First there was Elephant Rock. Now, there appears to be Hippo Rock.
Following the rock formation’s demise in western P.E.I.’s Norway in 1999 due to the forces of nature, there now appears to be an heir apparent not too far away in Kildare on the Gulf of St. Lawrence.
One Islander was out on her Sea-doo recently and snapped pictures of a natural phenomenon that looks remarkably similar to Elephant Rock.
“There was one emerging,’’ said Anne Arsenault, general manager of Tignish Initiatives Corp., referring to the fact that Elephant Rock passing the mantle. “I saw it on Facebook, and some people are saying it looks more like a hippo than it does an elephant.’’
Back in its day, Elephant Rock was a big tourist attraction, drawing more than 5,300 people to the site in Norway per week. The natural formation resembling a giant pachyderm was ruined when wind and pounding ocean surf snapped off the truck over the Christmas holidays in 1998.
In the short term, the loss as a tourist attraction was serious.
“It looked so much like an elephant,’’ Jo-Anne Wallace, general manager of the Western Development Corporation, told The Guardian in 1999. “People would come two or three times every summer to look at it.’’

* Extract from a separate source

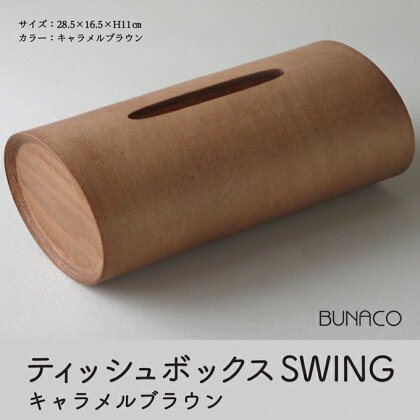 C-4 BUNACO ティッシュボックスSWING（キャラメルブラウン）　【 雑貨 日用品 インテリア 天然木 やわらかい フォルム ケース 直線的 角型 手作り 】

Arsenault said the new Elephant Rock, the one she said resembles a hippo, seems to be mostly a mystery so far. It doesn’t appear to be visible from any roadway.
“I’m going to have to find out where it is and get down and have a look at it,’’ Arsenault said. “My guess is it’s been there for a while, and I think the thing is it’s difficult to see unless you go on private property.’’
Betty Clements, who works at Jacques Cartier Provincial Park in Kildare, said it’s news to them.
“Never heard a word about this,’’ Clements said. “Never heard tell of it, and that would be something people would talk about.’’
Clements said even though they’re located right on the shore, no one — not staff or campers — has mentioned any sort of Elephant Rock-like creation. She said even though they’ve had a great season so far, this would be great for business.
“We could always take more business. You never turn anybody away.’’
Arsenault said groups have been hesitant to promote it.
“I just remember there was a little bit of discussion last year . . . a little bit of hesitation for us to promote it because we didn’t want to be responsible for having hordes of people show up on somebody’s private property.’’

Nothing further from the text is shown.